Les plateformes subissent aussi la situation. Binance US a perdu près de 80% de part de marché depuis le blocage des dépôts et retraits selon l'organisme d’analyse Kaiko.
L'écosystème crypto contre-attaque
Ainsi, la bataille entre le monde de la crypto et la SEC est devenue un véritable bras de fer. Les audiences judiciaires sont suivies de près car elles pourraient avoir une incidence sur le marché des cryptos, comme cela a été le cas samedi dernier.
D'ailleurs, certains acteurs cryptos prennent les devants. C'est le cas de Binance US qui s'est entouré d'un ancien codirecteur de la SEC en la personne de George Canellos.
Solana, 10e cryptomonnaie au classement, se défend quant à elle d'être un "security".
The Solana Foundation disagrees with the characterization of SOL as a security. We welcome the continued engagement of policymakers as constructive partners on regulation to achieve legal clarity on these issues for the thousands of entrepreneurs across the U.S. building in the…

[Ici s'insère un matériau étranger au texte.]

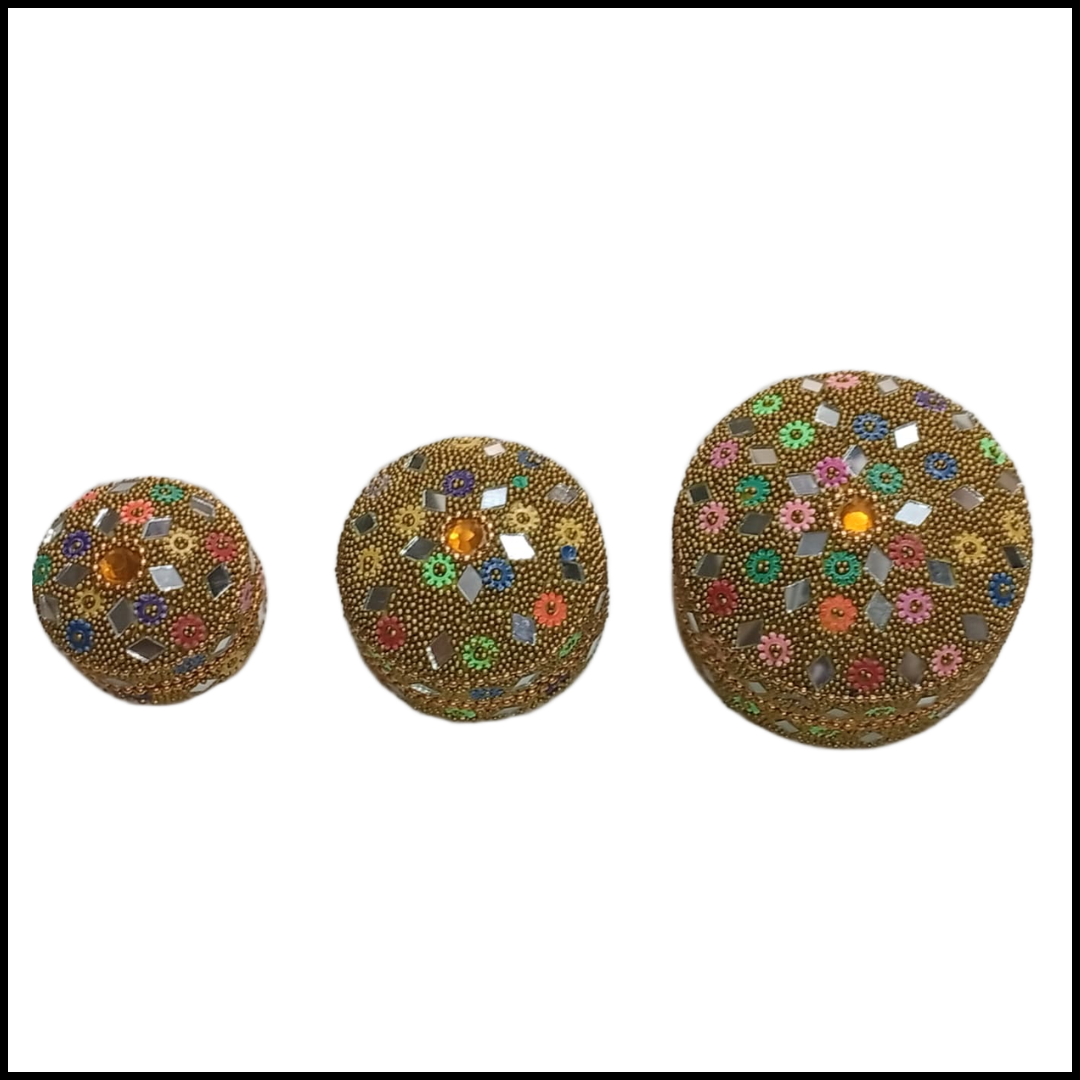 Handcrafted Decorative Bajri Box – Set of 3 - Image 3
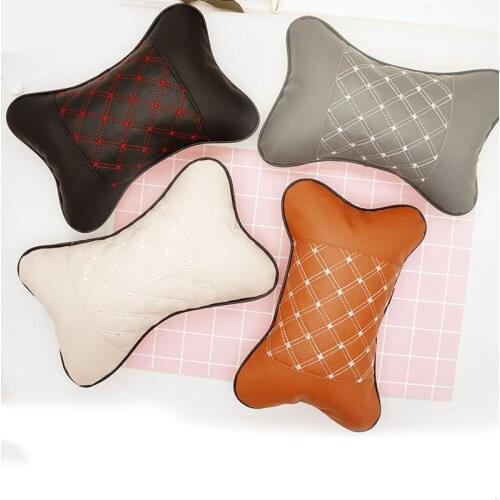 Universal Car Headrest Double Side Pu Leather Neck Memory Pillow Head Support Protector Cushion Auto Travel Accessories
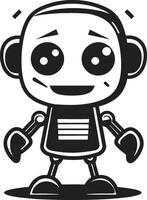 medio litro tamaño camarada cresta pequeño y linda robot logo en compacto diseño caja de conversación tótem Insignia vector icono de un minúsculo y linda robot para charla deleite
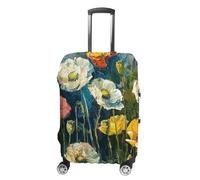 Dark Green Plants Suitcase Covers Luggage Protector - Travel Elastic Baggage Case Protective, Washable Anti-scratch Large Suit Case Cover for Suitcases Fits 19-32 Inch Luggages, white, XL, Flower and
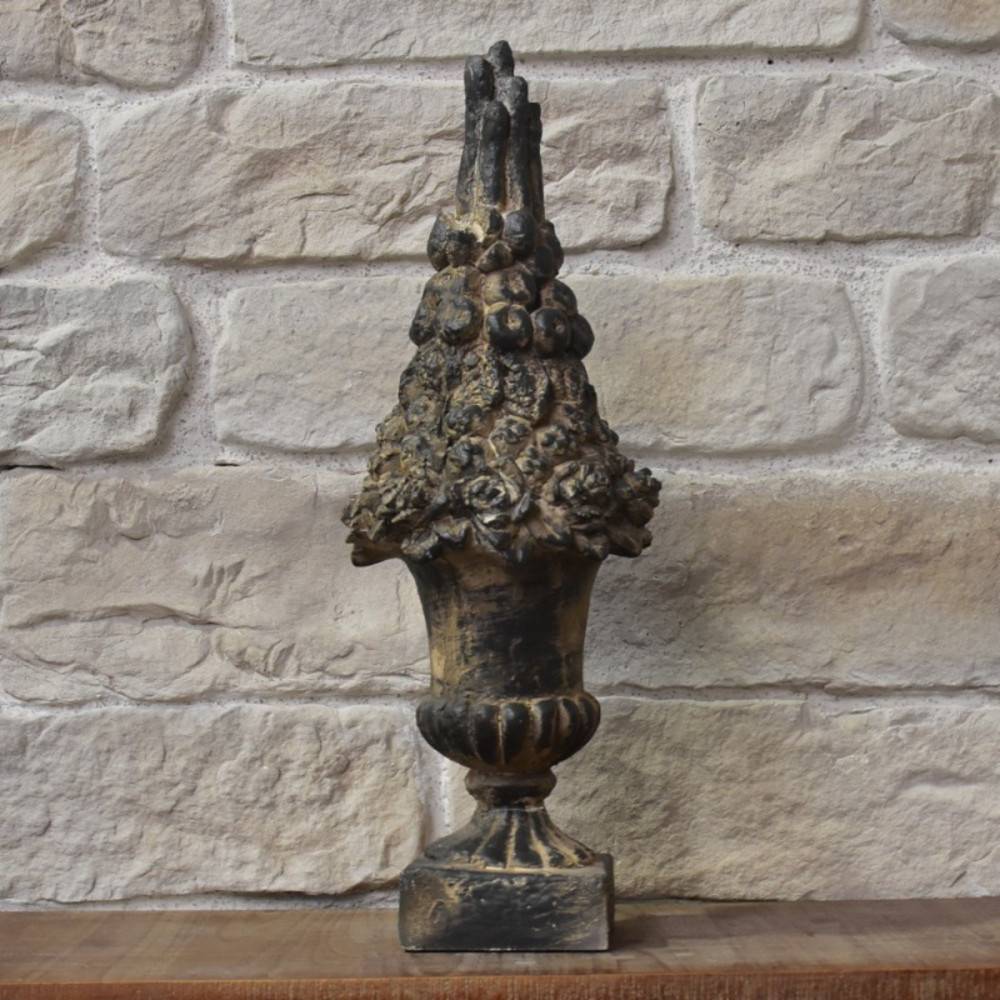 Vasque bouquet en résine gris anthracite Ht.68 cm Chemin de campagne - Imagen 2
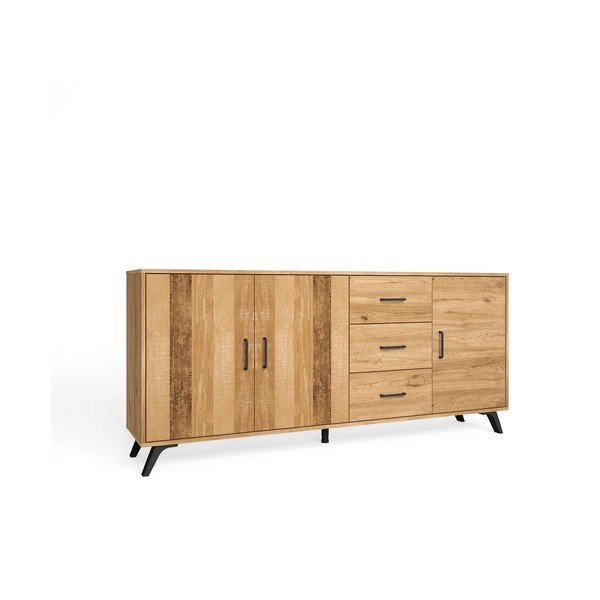 Natūralios spalvos ąžuolo dekoro žema komoda 181x81 cm Nordic - Marckeric-image-2
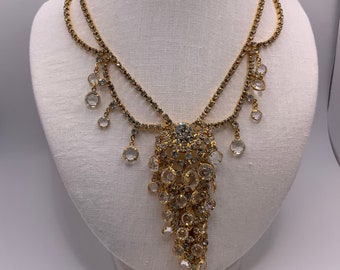 Rare Vintage 1960s Juliana D & E Rhinestone and Crystal - Gold and Clear Tone - Chandelier  - Glitzy Vintage Evening Wear - Bib Necklace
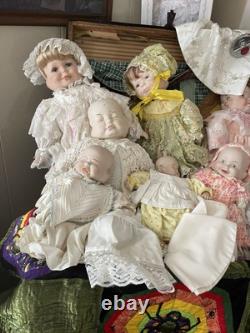 Neuf poupées antiques/vintage uniques à trois visages : heureuse, en pleurs, endormie, plus beaucoup de tissus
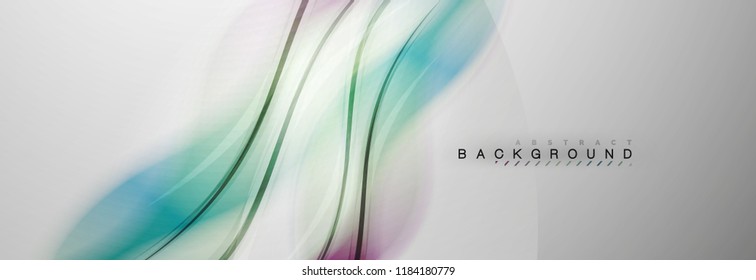 Smooth blur wave background, color flow concept on grey, vector illustration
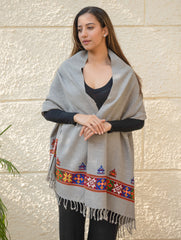 Warm & Cosy Signature Kinnauri Stole - Speckled Grey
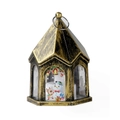 Vintage gold Christmas lantern with snowman and reindeer illustrations for festive holiday decor - Bronze Snowman Style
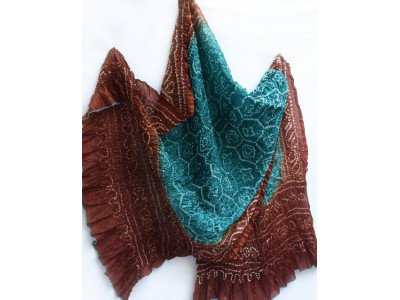 Zijden tie and dye sjaal of stola, petrol, roodbruin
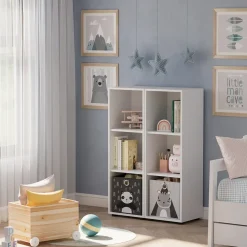 Vicco Kinderregal Weiß Estell 2er-Set - 106x38x32 cm gefertigt aus Spanplatte - Bücherregal für Kinder, platzsparende Lösung für Aufbewahrung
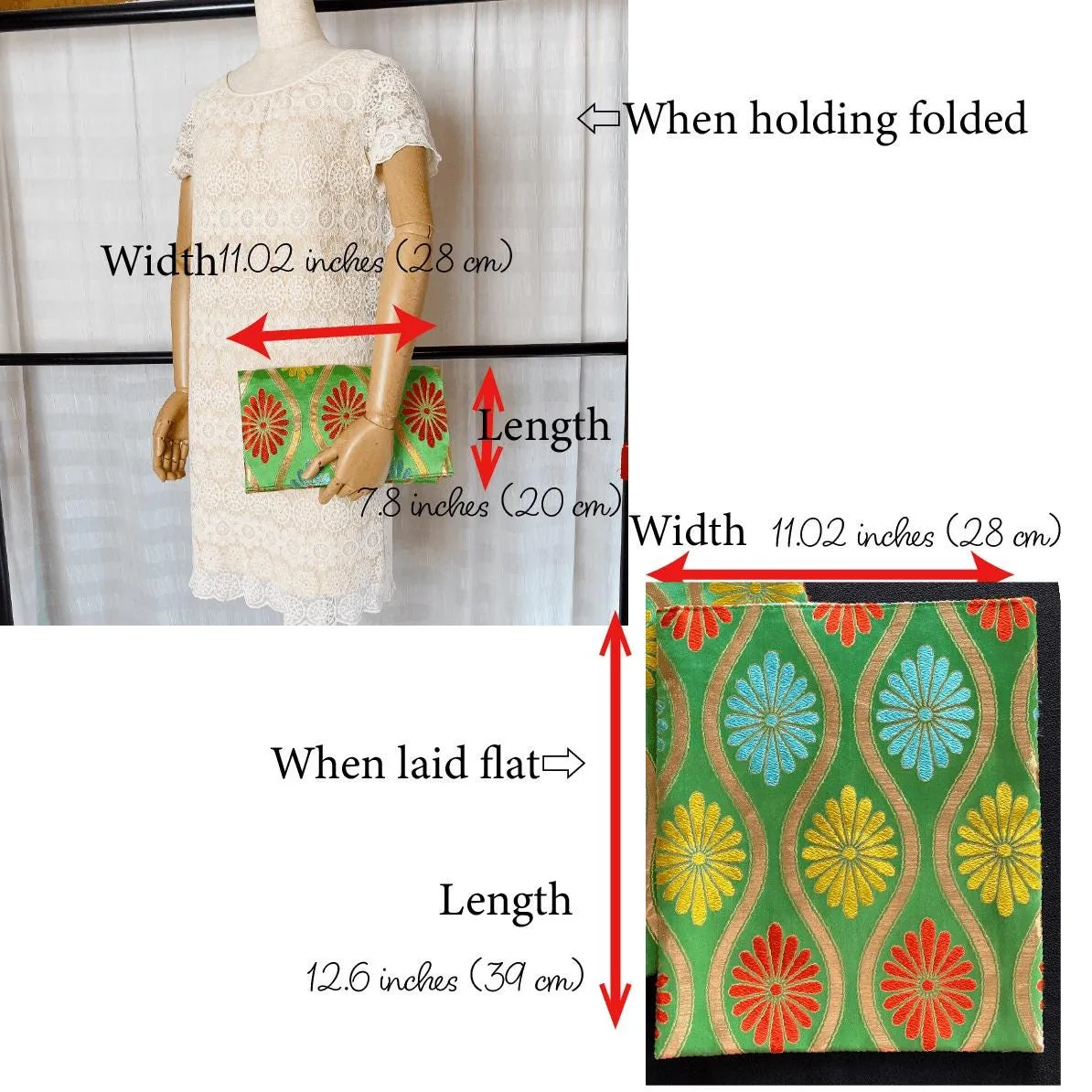Clutch Purse, Green Women's Bag, Chrysanthemum,  Cylindrical shape, Evening Bag, No gusse, One of a kind, Japanese Vintage Kimono Obi,　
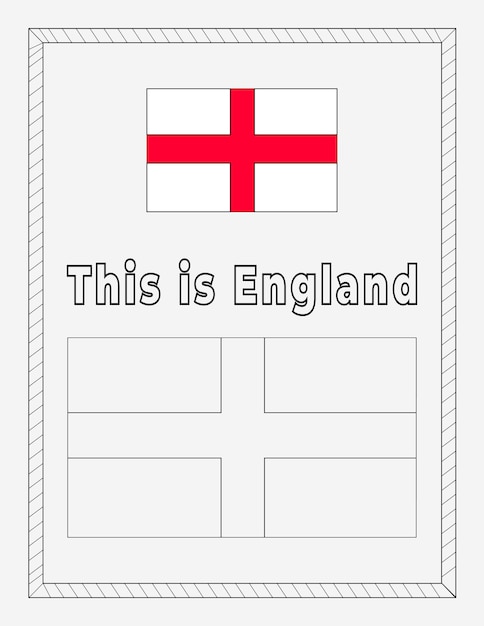 Premium vector national flag coloring page for kids ages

— Solana Foundation (@SolanaFndn) June 10, 2023
"La Fondation Solana n'est pas d'accord avec la caractérisation du SOL comme un security. Nous saluons l'engagement continu des décideurs politiques en tant que partenaires constructifs sur la réglementation afin d'obtenir une clarté juridique sur ces questions pour les milliers d'entrepreneurs à travers les États-Unis qui travaillent dans le secteur des actifs numériques."
Ce n'est que le début de cette affaire de grande envergure. Cependant, ce n'est pas la première fois que des interrogations similaires planent sur le secteur.
La première crypto à avoir été visée par la SEC est le XRP. En 2020, le régulateur accusait déjà Ripple, l'émetteur du XRP, d'avoir vendu cette crypto comme un titre non enregistré. Le procès de cette affaire dure depuis bientôt 3 ans et semble être le point de départ des récentes procédures à l'encontre de l'ensemble de l'écosystème des cryptomonnaies.